Steve Kuhn wins First “Poker Night on Wall Street”

Steve Kuhn Poker Night on Wall Street

Over the years, we’ve seen plenty of poker TV shows that feature famous pros grinding on the felt. So Bloomberg TV decided to take a different route with their new poker show: get six highly successful Wall Street investors together in a $50,000 buy-in, 6-max sit and go.

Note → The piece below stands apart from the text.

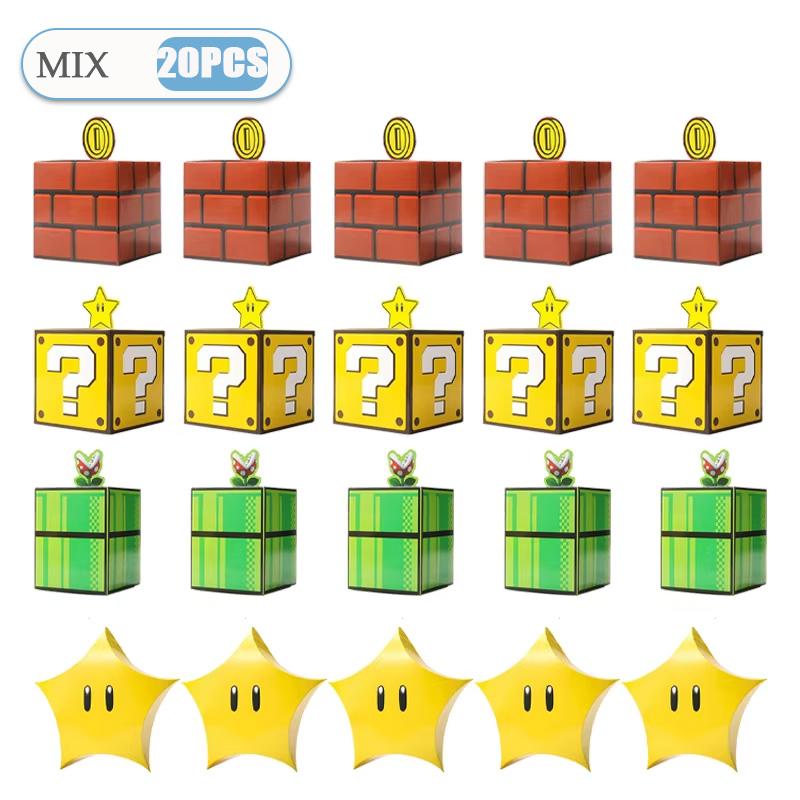 1-40 STÜCKE Fragezeichenblock Süßigkeiten Geschenkbox Geschenkbox Anime Süßigkeitenboxen Geburtstagsfeier Dekoration Kindergeschenk Verpackungsbeutel Gastgeschenktüte Box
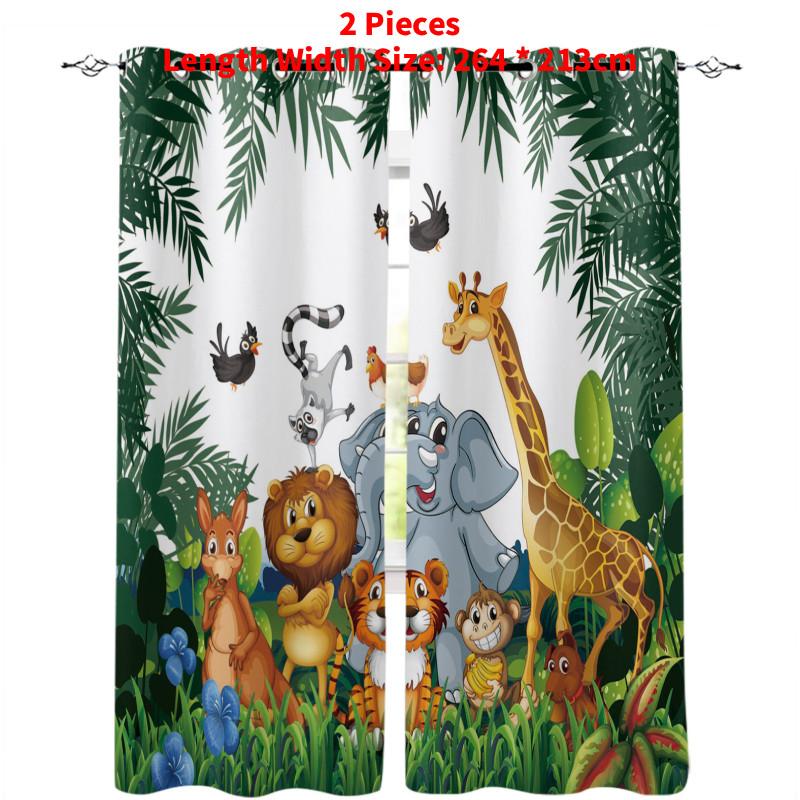 Zoo Curtain Forest Cartoon Children 3d Digital Printing Lightblocking Curtain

This seems to be a pretty successful formula, given the highly publicized launch of “Poker Night on Wall Street.” Six uber-rich hedge fund managers took part in the first episode, including the following: Kynikos Associates’ Jim Chanos, Greenlight Capital’s David Einhorn, Gabelli Asset Management’s Mario Gabelli, Pine River Capital Management’s Steve Kuhn, Ariel Investments’ John Rogers and Skylar Capital Management’s Bill Perkins.

Out of this group, Einhorn and Perkins are the most experienced players. The latter has had a poker-coming-out party this year after finishing third in the 2013 WSOP $111k One Drop ($1,965,160) and fourth in the UKIPT London £48.5k Super High Roller ($470,369). Thanks to these big finishes, Perkins has $2,493,552 in live tournament winnings.

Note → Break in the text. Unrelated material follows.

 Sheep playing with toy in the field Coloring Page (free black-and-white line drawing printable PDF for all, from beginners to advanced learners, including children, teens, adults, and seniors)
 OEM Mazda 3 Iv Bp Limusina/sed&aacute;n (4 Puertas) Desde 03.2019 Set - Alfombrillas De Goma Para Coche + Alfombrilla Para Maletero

Einhorn first landed on the poker map after taking 18th place in the 2006 WSOP Main Event ($659,730). He also took third at the 2012 WSOP $1 million Big One for One Drop, which drove his career winnings up to $5,108,135.

Despite both Einhorn and Perkins being in the mix, Steve Kuhn emerged victorious on the first episode of Poker Night on Wall Street. He seemed to be the third most knowledgeable player, behind the previously discussed duo. And Kuhn’s skill showed as he marched towards the top prize – $300,000 that he gets to donate to the charity of his choice. When asked if he’d consider playing poker full-time after this victory, he quipped, “I kinda like my job already.”

As for the other three players, Chanos, Gabelli and Rogers, they are certainly better at their day job. However, all three players are learning fast and could eventually compete with the defending champ Kuhn, as well as Perkins and Einhorn.